MAR replaces the Market Abuse Directive and will lead to greater harmonisation in relation to market abuse across the EU. MAR is a regulation, so it is directly effective in UK law. However, both HM Treasury and the FCA have been working to ensure that UK law and regulation are compatible with MAR. As a result, there have been some significant changes to the FCA Handbook. In general, the FCA has adopted a "signposting" approach, rather than copying out MAR; this is intended to avoid the risk of misinterpretation by directing firms to the text of MAR itself (as the primary source).
The key changes as a result of MAR are:
- MAD applied to any financial instrument admitted to trading on a regulated market in a member state, or for which a request for admission to trading on such a market had been made. It applied regardless of whether the transaction took place on a regulated market. "Financial instrument" and "regulated market" were defined terms. MAR has a wider scope and also covers financial instruments traded or admitted to trading on a multilateral trading facility (MTF) or for which a request for admission to trading has been made; financial instruments traded on an organised trading facility (OTF); and financial instruments not covered by the foregoing, the price or value of which depends on or has an effect on the price or value of the foregoing financial instruments, including credit default swaps and contracts for difference. Certain provisions of MAR also apply to emission allowances, emission allowance market participants, spot commodity contracts and benchmarks.

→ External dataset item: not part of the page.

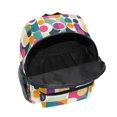 thumbnail image 6 of FORMRS Kids School Backpack with Front Zippered Pocket 12" Student Travel Daypack, Green Geometric, 6 of 6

- MAR is intended to be compatible with MiFID II (the recast Markets in Financial Instruments Directive II). The implementation date for MiFID II has been extended to 3 January 2018. As a result, references in MAR to MiFID II should be read as references to MiFID I until MiFID II's implementation and so MAR will not take effect in relation to financial instruments traded on an OTF, SME growth markets, emissions allowances and auctioned products based on them until MiFID II has been implemented.
- The definition of inside information will not change significantly as a result of MAR, but MAR imposes more onerous obligations in relation to inside information, which may lead issuers to review and reduce their insider lists. It will be essential to ensure that the point at which information becomes inside information is correctly identified and that a consistent approach is taken by an issuer and its advisers.
- The FCA will no longer be able to issue binding rules on issues which are within the scope of MAR. Rules and evidential provisions in the FCA Handbook are therefore being amended so that they form guidance only.
- The Code of Market Conduct (which assists in determining whether behaviour is market abuse)("CoMC") is highly regarded by the UK financial services sector. As a result, although the FCA is removing incompatible provisions, the CoMC will continue as guidance. It will be known as MAR 1.
As part of its consultation on the implementation of MAR, the FCA also received responses suggesting that additional guidance on certain areas is required (e.g. how "phishing" and "smoking" should be understood in the context of market manipulation). The FCA is considering how to take these suggestions forward. Further changes to the FCA Handbook may also be required if the European Securities and Markets Authority issues further guidance.
MAR is accompanied by the Directive on Criminal Sanctions for Market Abuse ("CSMAD"), which introduces minimum criminal penalties for market abuse. The UK has opted out of CSMAD and so the existing UK criminal penalties (which exceed the minimum in CSMAD) will remain in place. CSMAD will, however, be relevant to UK firms operating in other member states or engaging in trading from the UK which might be caught by the regime in other member states.
The FCA has recently succeeded in obtaining convictions for insider dealing in Operation Tabernula, including the longest ever sentence obtained in an FCA insider dealing case (four and a half years). This brings the FCA's total number of convictions for insider dealing to 30.
Looking ahead, market abuse remains an enforcement priority for the FCA, both in terms of conduct which amounts to market abuse, and systems and controls to prevent and identify suspected market abuse. The civil penalties which the FCA can impose include fines and restrictions on taking on new business, so the penalties can be severe. The FCA has said that it will focus on emerging forms of market abuse, such as spoofing, and so firms should consider their systems and controls in this area.